Descrizione
Accidioso, rinunciatario, alieno da militanze, esule volontario da Buje, Emeria, custode delle carceri di Tarcento, è solo virtualmente partecipe dei mutamenti che tra gli anni Cinquanta e i Sessanta anche per la cittadina friulana segnano la transizione dalla civiltà rurale contadina a quella urbano-industriale: tra sé e la vita, tra sé e la Storia frappone schemi e schermi, simulacri, scenari e proiezioni.

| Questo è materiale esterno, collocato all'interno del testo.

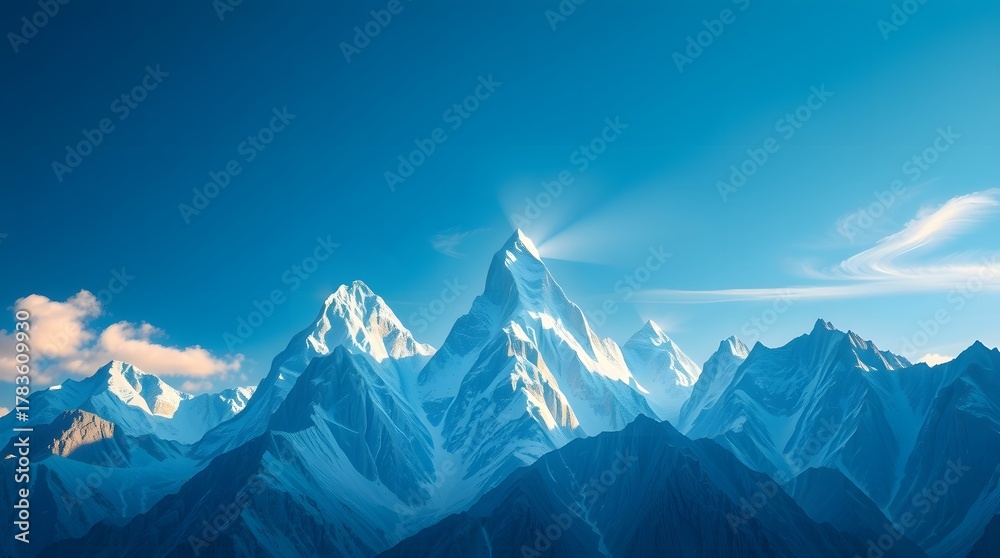 Fototapeta premium A majestic mountain range under a clear blue sky, with snowcapped peaks glistening in the sunlight, creating a breathtaking and serene landscape, inviting exploration and wonder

È, la scelta d’un tale protagonista, la riprova della matura sapienza narrativa di Nimis: personaggio autentico quanto emblematico, Emeria è una sorta di catalizzatore negativo dei rancori, delle rivendicazioni, delle faziosità, della retorica posbellici; nella sua ipocondria come nella coscienza del Paese s’ottundono la questione dei confini e la tragedia di Porzus, le leggi truffa elettorali e il collateralismo clericale, il boom economico e l’abbandono dei borghi...
Precisi i riferimenti storici, la critica resta felicemente affidata soprattutto al racconto, impeccabilmente ambientato tra Caffè e parlatorio, luoghi deputati alla colloquialità di personaggi - la moglie Mirna, il maresciallo siciliano, i Fiumani, gli artisti, le eredi della filanda, il venditore ambulante, il suonatore - essenzialmente impressivi, comprimari efficaci della sottile riflessione di Nimis sul nostro recente passato.
(Mario Turello)
Giovanni Pietro Nimis
Con Il monte di Saturno, Giovanni Pietro Nimis (friulano, di Tarcento) è alla terza opera narrativa dopo Il disegno nella parete (1994) e Il giorno delle mongolfiere (1997), editi dalla Nuova Base Editrice. Noti i suoi saggi pubblicati dal 1977 al 1988 per Marsilio Editori nelle collane Documenti territorio e società e Biblioteca di architettura e urbanistica.